New Music Friday: Ain’t Killed Me Yet by Adia Victoria

Adia Victoria released a new single last week called “Aint’ Killed Me Yet”. I can’t say anything about it better than what she wrote about it in her Instagram post when she released it.

“There was little to celebrate in life the Spring of 2020 but living itself. With the live music industry shuttered to a close I was forced to find a new way to live. I took a job at Amazon to pay the bills and on the way to the warehouse for a red-eye 10 hour shift I considered my dilemma. Racing through empty streets at 2 am, trying to keep two steps ahead of a virus I couldn’t make sense of, life was lived in barest of immediacy—one breath to the next. That Spring I would end every journal entry with “Life aint killed me yet”. 

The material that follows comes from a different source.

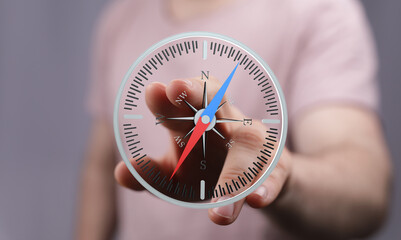 A hand interacts with a digital compass, illustrating navigation, direction, and guidance.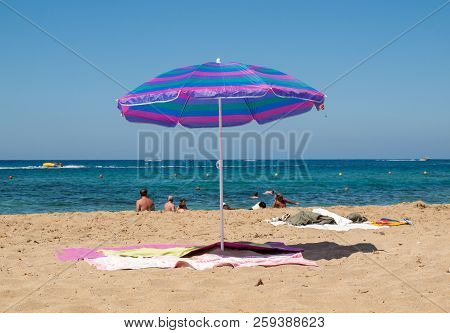 Malia. Crete, Greece - July 1, 2018: People Are Resting On A Sunny Day At The Beach In Malia, Crete,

 Ain’t Killed Me Yet is the blues existentialism pared down to its bones. It is the irreverent celebration of those who meet life on their own terms. When the future is uncertain, the immediacy of the pleasures and vagrancies of the now is all that matters. I wrote “Ain’t Killed Me Yet” while behind the wheel on the way to work in a warehouse where death was a real possibility. The blues anchored me in the now so that I could not only survive but I could give the finger, and blow smoke in the face of my fear and anxiety.”